Work task
Line by line, print the records exactly, and keep images out of the copy.

┌──

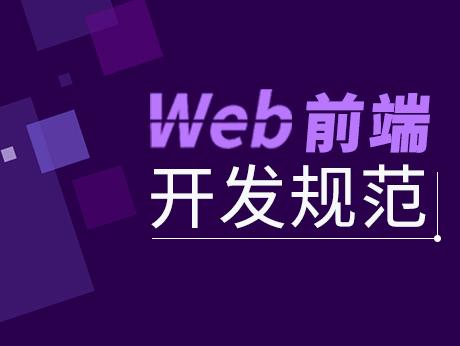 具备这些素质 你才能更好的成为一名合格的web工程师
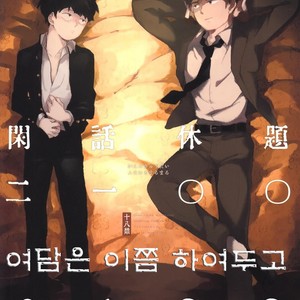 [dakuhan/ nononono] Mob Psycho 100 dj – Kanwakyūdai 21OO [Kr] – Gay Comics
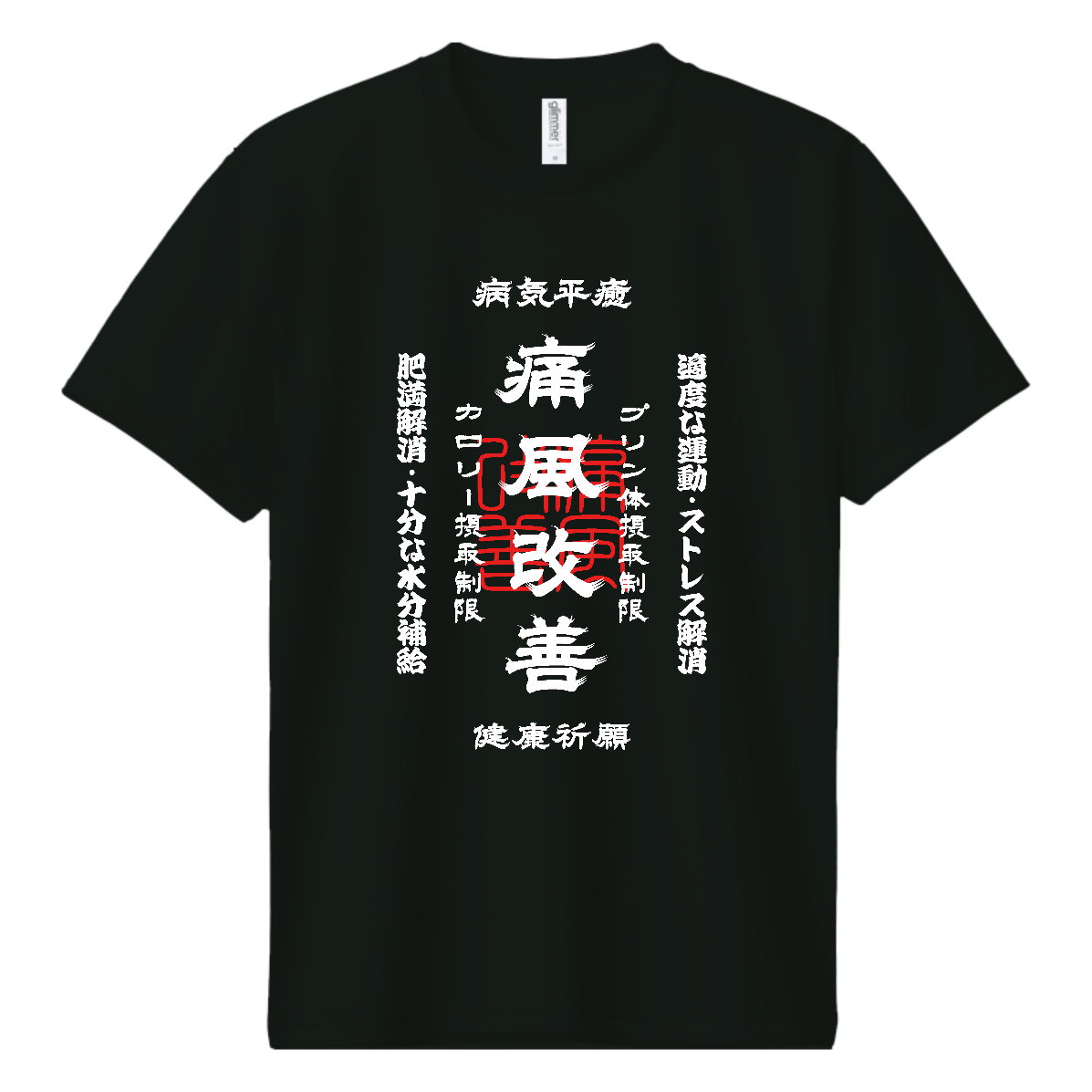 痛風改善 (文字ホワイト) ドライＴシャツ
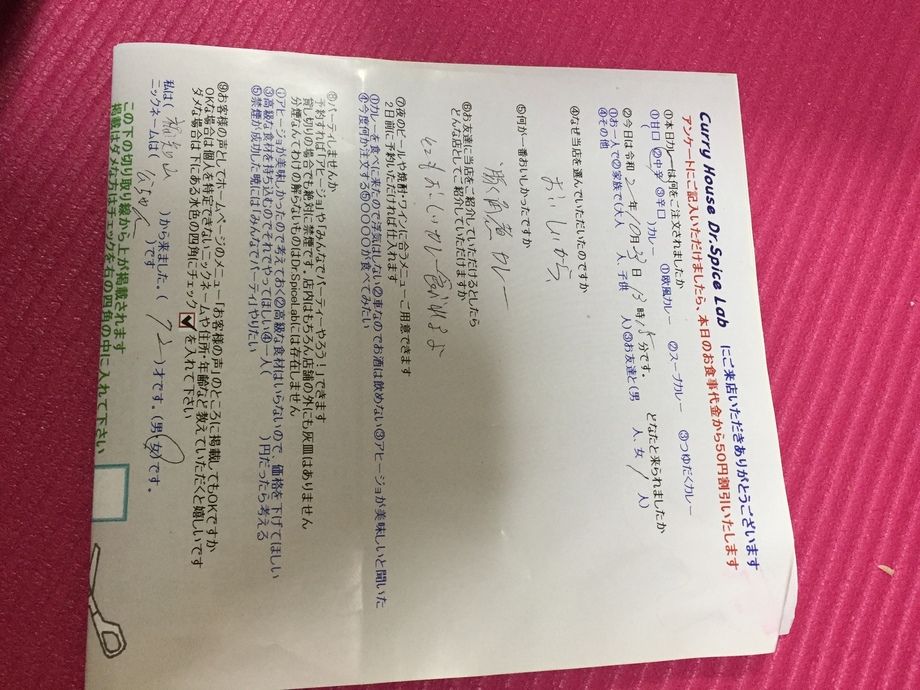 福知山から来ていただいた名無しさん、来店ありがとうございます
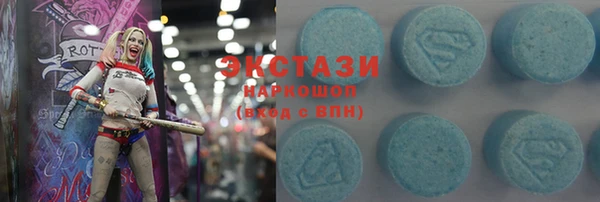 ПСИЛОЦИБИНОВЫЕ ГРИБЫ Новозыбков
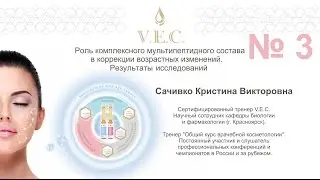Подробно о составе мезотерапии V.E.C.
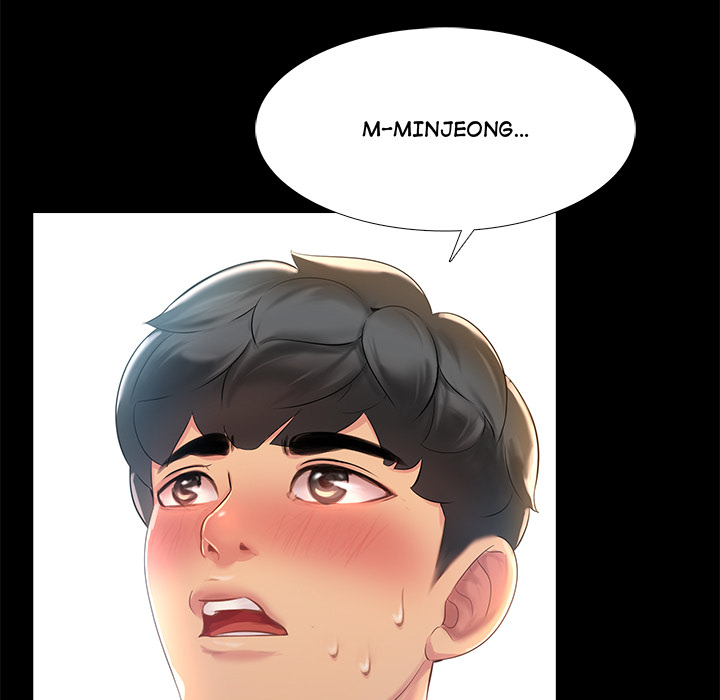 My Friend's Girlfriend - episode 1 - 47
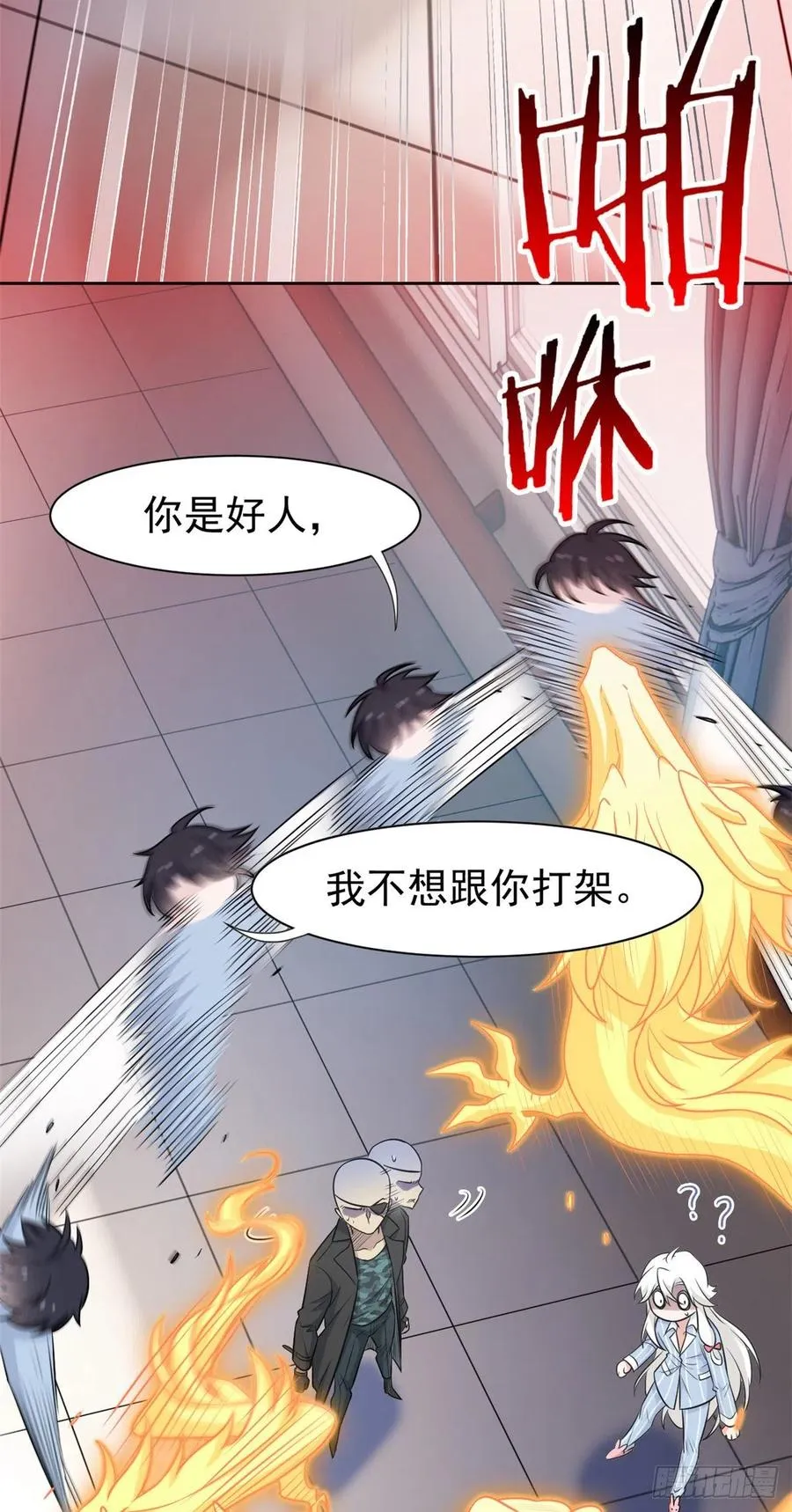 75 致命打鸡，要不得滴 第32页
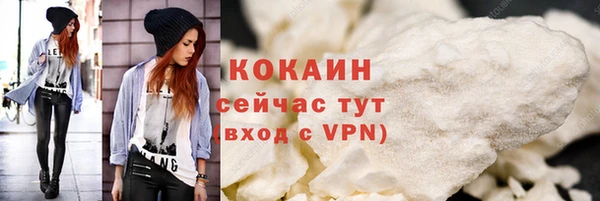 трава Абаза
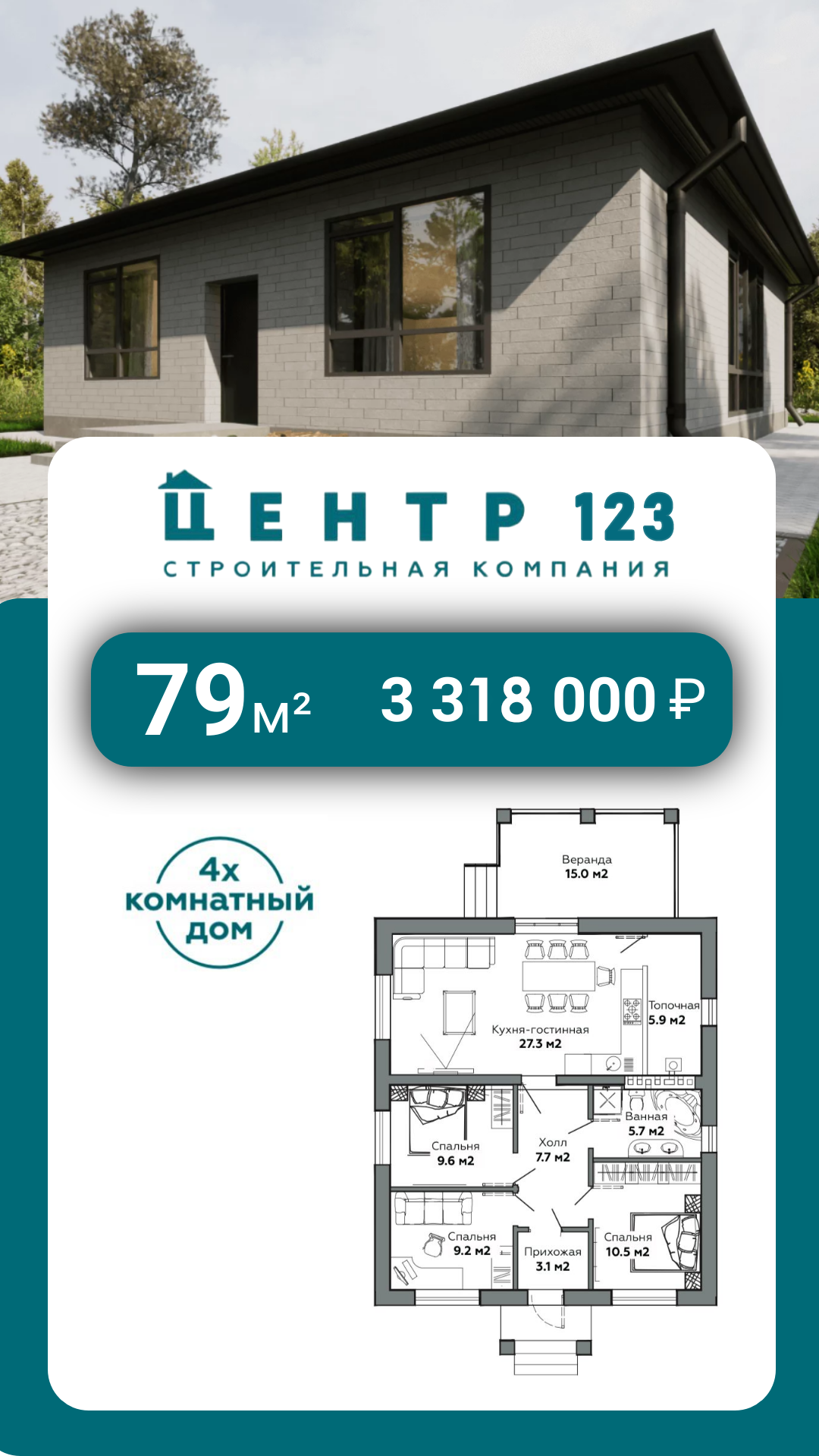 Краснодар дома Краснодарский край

└──

Result of this exercise
 具备这些素质 你才能更好的成为一名合格的web工程师
 [dakuhan/ nononono] Mob Psycho 100 dj – Kanwakyūdai 21OO [Kr] – Gay Comics
 痛風改善 (文字ホワイト) ドライＴシャツ
 福知山から来ていただいた名無しさん、来店ありがとうございます
 ПСИЛОЦИБИНОВЫЕ ГРИБЫ Новозыбков
Подробно о составе мезотерапии V.E.C.
 My Friend's Girlfriend - episode 1 - 47
 75 致命打鸡，要不得滴 第32页
 трава Абаза
 Краснодар дома Краснодарский край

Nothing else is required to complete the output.